There’s also the obvious point of the characters in the band. When people think about the ultimate extreme examples of rock and roll carnage, the face of Ozzy Osbourne is never far off. Even during recording, the band’s leader could prove a nightmare, with them sometimes having to lock him away in the second studio, allowing the group to lay down tight instrumentation without him distracting them or singing over the top. As they all descended deeper and deeper into drug-fueled antics, the success and endurance of Black Sabbath is surely some kind of musical miracle.
But miracles came into play over and over again during some of the band’s key moments, including in the making of what would become their best-selling album. Despite the odds, they’d made it through their debut. However, they hadn’t really thought any further ahead. So when it was time to go into the studio for Paranoid, an album that would go on to sell millions of copies, they didn’t have enough songs.
The album was then born out of quick-fire improvisations. “We didn’t have enough songs for the album, and Tony [Iommi] just played the guitar lick and that was it. It took twenty, twenty-five minutes from top to bottom,” drummer Bill Ward recalled about one of those moments that gave birth to the record’s title track. Again, it seemed to be another miracle. What was a rushed-out track became a hit, landing at number four in the charts as the group’s first-ever single release.

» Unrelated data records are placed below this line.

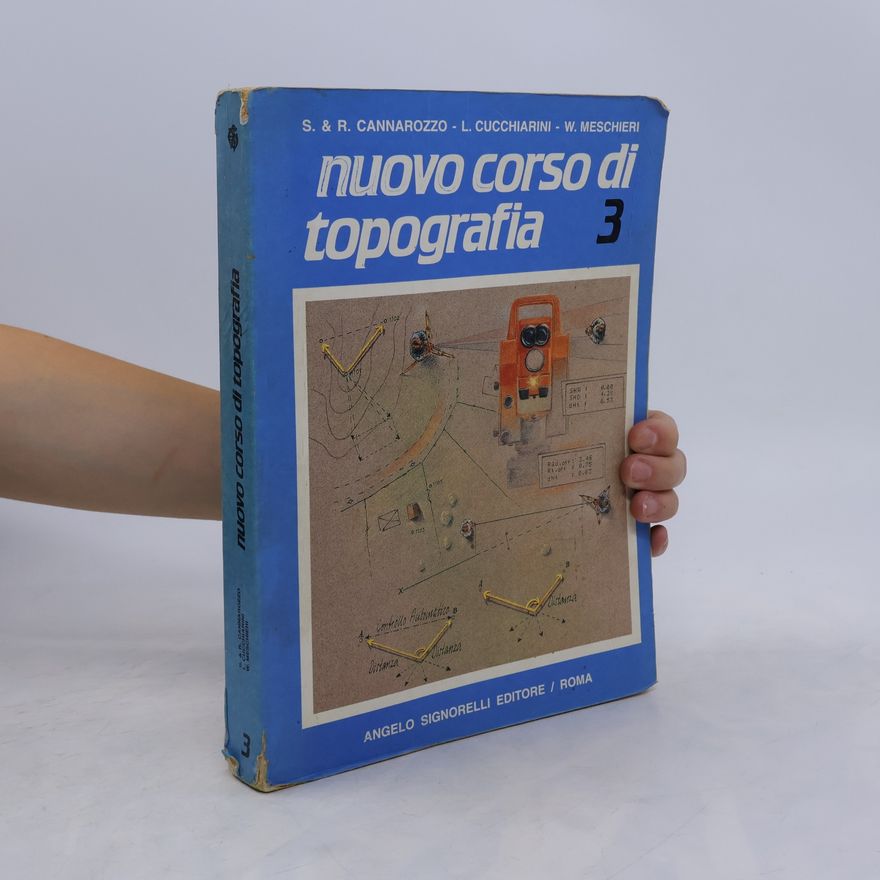 L. Cucchiarini nuovo corso di topografia 3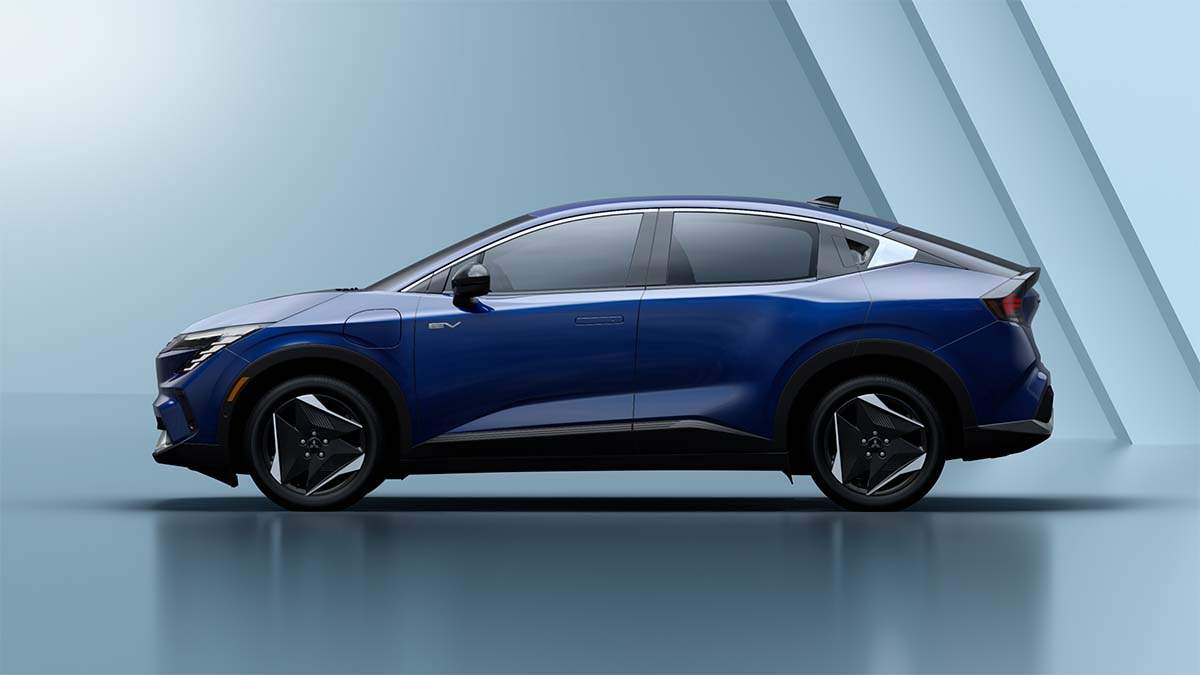 Mitsubishi Eclipse Sportback-lateral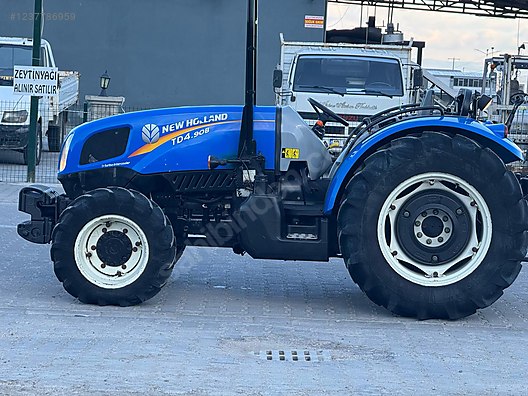 TD4.90B 2015 New Holland
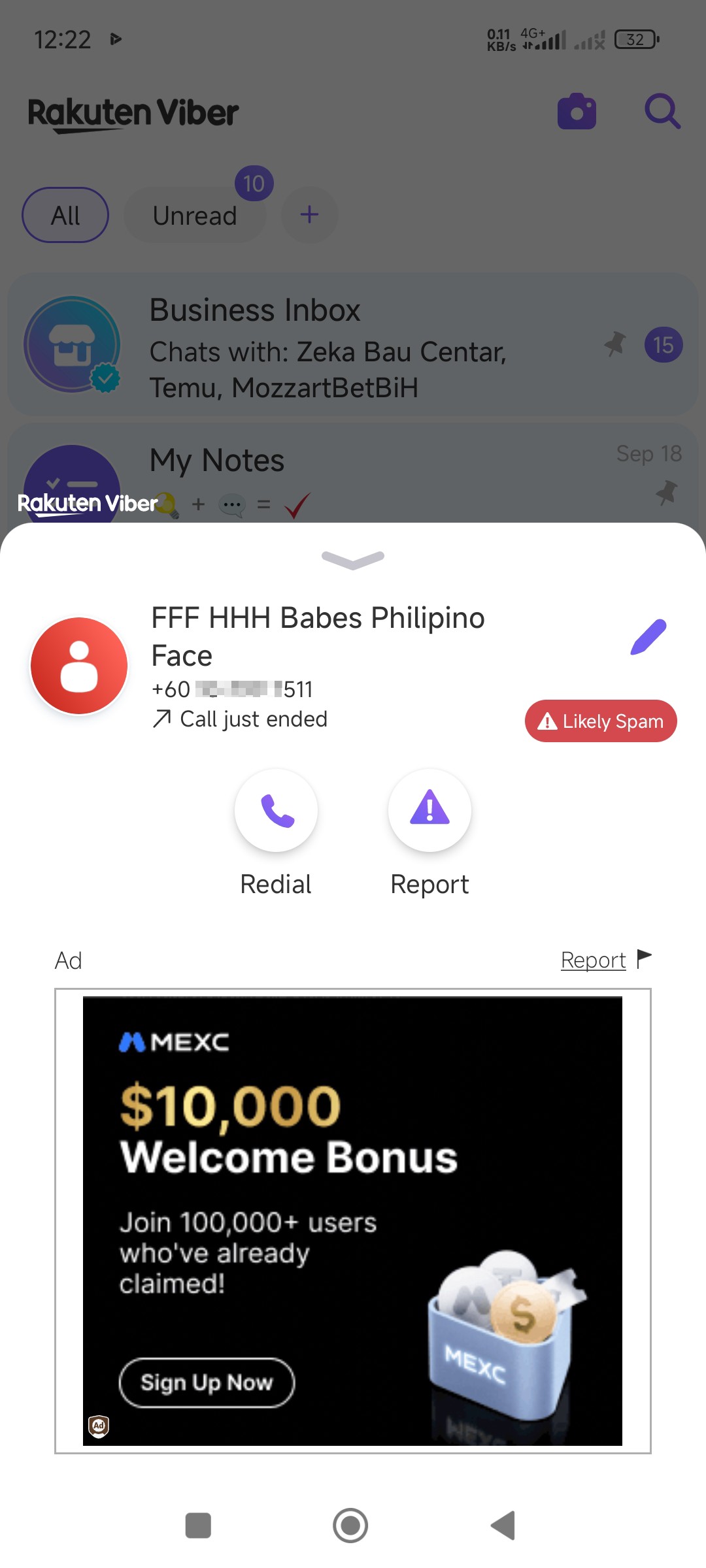 romance scammer caltex Ipoh cashier woman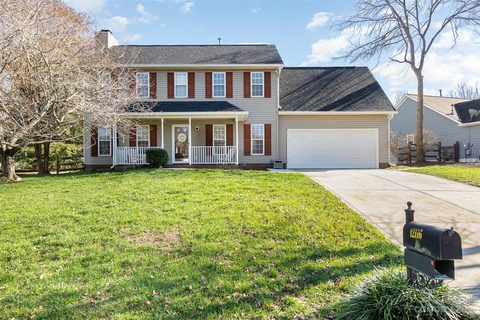 12116 Landen Drive sold home in Polo View, Charlotte, NC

By now, Paranoid is the band’s bestselling record. Despite the chaos of the process, the finished product has become a timeless classic that has now sold over 12,000,000 copies. The album outsells their others by a long way, with Masters Of Reality taking second place with 2,280,000 sales.
But what album do Black Sabbath see as their best?
In a tale as old as time, it is not their best seller than the band like best. Instead, Ozzy Osbourne holds really affection for the record that ranks fifth with 1,206,200. In his eyes, it’s 1973’s Sabbath Bloody Sabbath that wins in terms of quality, artistic merit and legacy.
While the group would go on to release nineteen albums in total, with their latest coming in 2013, Osbourne said back in 2009 that he saw that 1973 record as their “last truly great album”. In his eyes, it was the best of everything, stating, “With the music we’d managed to strike just the right balance between our old heaviness and our new, ‘experimental’ side.” He saw it as a pinnacle that they never reached again.